So everyone go vote "No" in support of Jim right now!

[Caution: That subject line was a little self-serving.]

I’ve just submitted my final statement in the debate, which goes up at Thursday, with a “decision” to be rendered on Friday. You can vote (or change your vote) any time before then.

I don’t expect to win — too many people want privacy protection to be a free lunch handily provided by a few governmental tweaks. But it’s a fun debate format, and a good opportunity to sort through some of the issues.

Anonymous Coward says:

We should engage the government to change laws to make it easier to be more private.

Well like net neutrality or competition in networks that will not happen in the U.S. unless the old players go under or have a very hard competition ahead of them which will not come from any small group, that can be swamped with regulations, exhausted by infinity lawsuits.

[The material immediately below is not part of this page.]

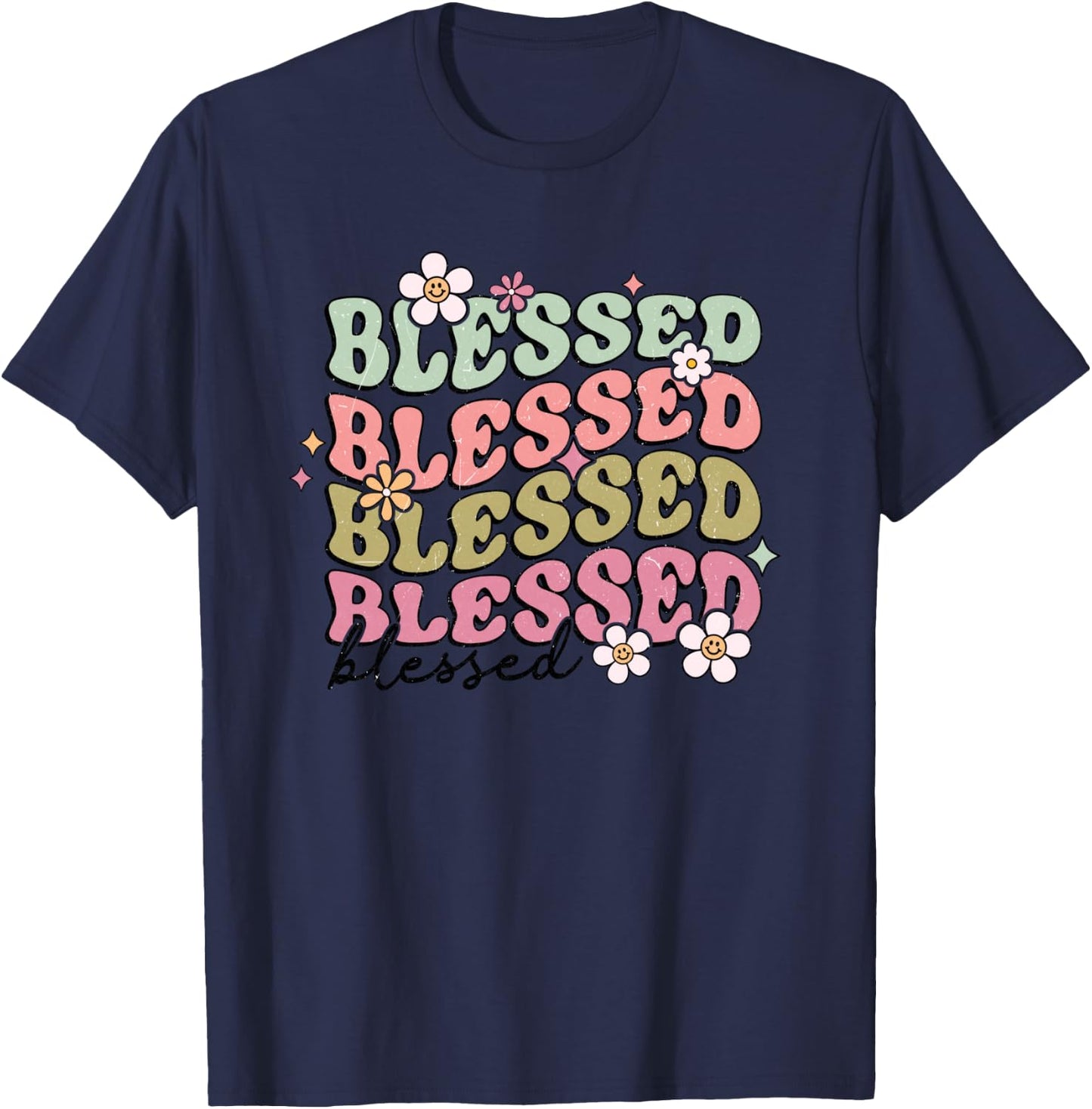 Retro Boho Blessed Religious Jesus Bible Graphic Christian T-Shirt - T-Shirt | Navy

But in other countries, people can make a difference.

Steve R. (profile) says:

Wrong Question

Instead of phrasing this as a question of government intrusion for “protecting us”, we should be asking why private enterprise does not step-up to the plate and accept responsibility for protecting the private data that they hold. Rotenberg, for example, wrote “it is hard to imagine that the typical internet user can really do much to safeguard their privacy when companies purposefully make it so difficult.” The issue should not be “somebody should protect me”, but it should be that the other guy should behave himself.

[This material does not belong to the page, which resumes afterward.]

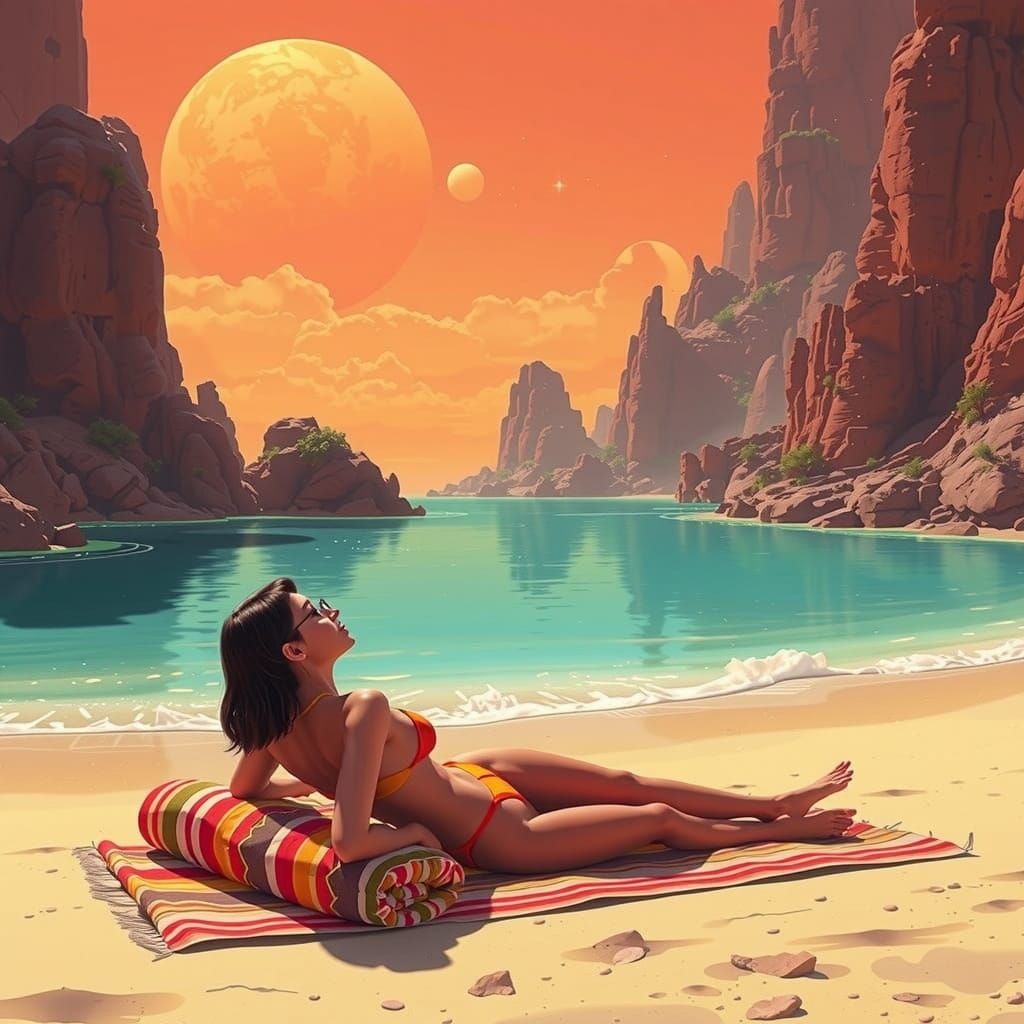 Helen Parr in Futuristic Beach Scene on Red Dwarf Planet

The US it seems has become an entitlement culture where vultures can circle the consumer to pick them clean without any repercussion. Why should it be the sole responsibility of the consumer to protect themselves? If companies don’t accept the responsibility of protecting data, then they should be regulated through government intervention.

Christopher (profile) says:

Re: Wrong Question

True. Every single bit of information that these companies get should be encrypted OUT THE WAZOO so that a malefactor cannot use them, even if they DO manage to break into the systems of these companies.

Now, can the government do something to help this? Sure can, buddy! They can require 512-bit encryption on everything on servers, with rotating encryption keys.

Anonymous Coward says:

Re: Re: Wrong Question

That is not true, citizens are dependent on services provided by others and in order to get those services companies extract private information from them, can you buy anything without giving private information?

I like both arguments they both have good points the solution is not one or another but a mix of the 2, people can do more to be more private to a certain degree but pass that we need the other parties to take care of that information, that they are being entrusted, now will it happen voluntarily or we need laws for that?

What kind of mechanism or environment would produce the desired outcomes?

Jes Lookin says:

It's Control, Not Privacy

Even though most online users seem to avoid and not use the tools that would help with privacy, those that would face very limited options. There are non-fixable holes in the hardware, operating system, and software of their personal systems. Then you have the holes in the online infrastructure. These are largely intentional and intended specifically for monitoring and control (directly or legally). Until there are specific and enforced laws across the corporatocracy and governments putting privacy and freedom first, get used to having no privacy in online communication.

Pixelation says:


Big business being responsible for online privacy is also the fox running the hen house and a really bad idea.
We need more control over the information that is collected and stored about us. Information collected by a site should be opt-in if you don’t mind not opt-out if you do. Credit card information should be stored only as long as the site needs it to complete a transaction unless you want them to keep it for future use.